Why Use a Root Cellar?
Root cellars are traditionally used to keep produce consumable through the winter months when fresh fruits and vegetables aren’t available. However, with modern-day refrigeration, root cellars are more commonly used to store harvests from your fall vegetable garden or sale produce that doesn't fit in your fridge.
And as more people (like us) work hard to secure our family's food supply, finding storage for vegetables has become an important skill.
No matter how much room you have, use these three tips to learn how to store your harvest without a root cellar.
How to Store Your Harvest Without a Root Cellar
Depending on your available space, you could have a few great areas hiding around your home with ideal conditions for storing vegetables. Before starting a new homestead project to store your harvest, find out what the ideal conditions are for your specific types of produce.

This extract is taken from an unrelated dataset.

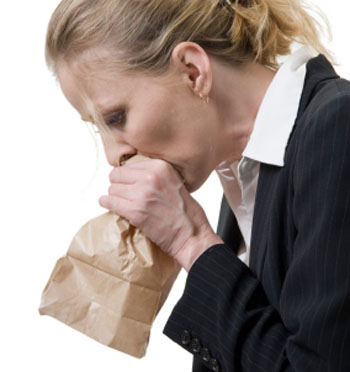 woman breathing into paper bag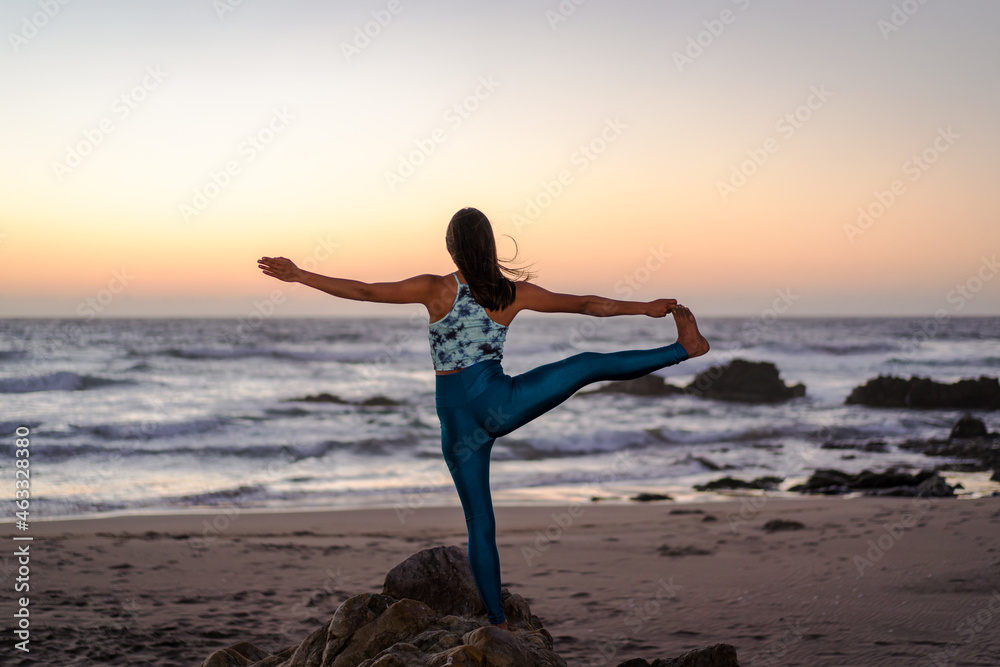 unknown latin woman stretching or doing yoga on the beach at sunset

Consider your spring, summer, and favorite fall vegetables. Depending on the variety, they might require different humidity, temperature, etc.
Related: 7 Ways to Start Homesteading Today
Try Other Indoor Storage
Attics and basements stay very cool and dry throughout the winter, ideal for storing produce in a straw-filled cardboard box. Similarly, garages also work as long as you ensure the raw vegetables don't freeze, because freezing vegetables raw doesn't always work well. Instead, keep your veggies at a comfortable temperature using plenty of straw below and above the food.
Freeze Those Fruits & Vegetables
If you have any extra freezer space, freezing your harvest will keep it fresh-tasting, and usable throughout the winter months. However, it’s not as simple as throwing your fruits and veggies in the freezer and forgetting about them.
Blanching your vegetables stops the natural decaying process (which still occurs even when frozen. It also helps keep the veggies fresh tasting and nutrient-filled for months in the freezer.
(Tip: post my free Veggie Blanching Cheat Sheet in your kitchen so you know how long to blanch each veggie.)
After blanching, immediately transfer the produce into ice water to stop them from overcooking. Once dried, seal them in airtight freezer bags or use a vacuum sealer to remove any excess air before freezing.
Frozen fruit can be thawed easily and quickly to use in your favorite muffin recipe, smoothies (frozen berries or peaches work well), pies, or freezer jams (don't forget to thaw the fruit first for pies or jams.)
For fruits and smaller vegetables, spread them out on a tray and freeze them before packaging. This rudimentary flash-freezing helps keep their form and avoid being frozen in chunks together.
Bury Your Harvest When You Don't Have a Root Cellar
Even without a traditional root cellar, it’s easy to create your own mini cellar in the yard.
Unused items like old fridges, trash cans, buckets, and pots can be repurposed and buried to construct a quick and easy cellar. Whatever you decide to use, make sure your underground root cellar has some ventilation.
Drilling a hole in the side and running some PVC pipe to the surface is the easiest. You will also want to make sure your receptacle has a tight lid and solid sides to keep any unwanted critters from finding their way into your bounty! As with any cellar-style storage, make sure you line the bin with straw on top and below for insulation.
However you store your produce this fall, don’t let any go to waste. If you have a large harvest, there are numerous storage options to keep your fruits and veggies edible and fresh-tasting through the winter.
Just remember to store them in a cool, ventilated space with little to no light, and a suitable humidity level for the type of produce. If these options won’t work for you, pickling, canning, or dehydrating is another great way to preserve your harvest.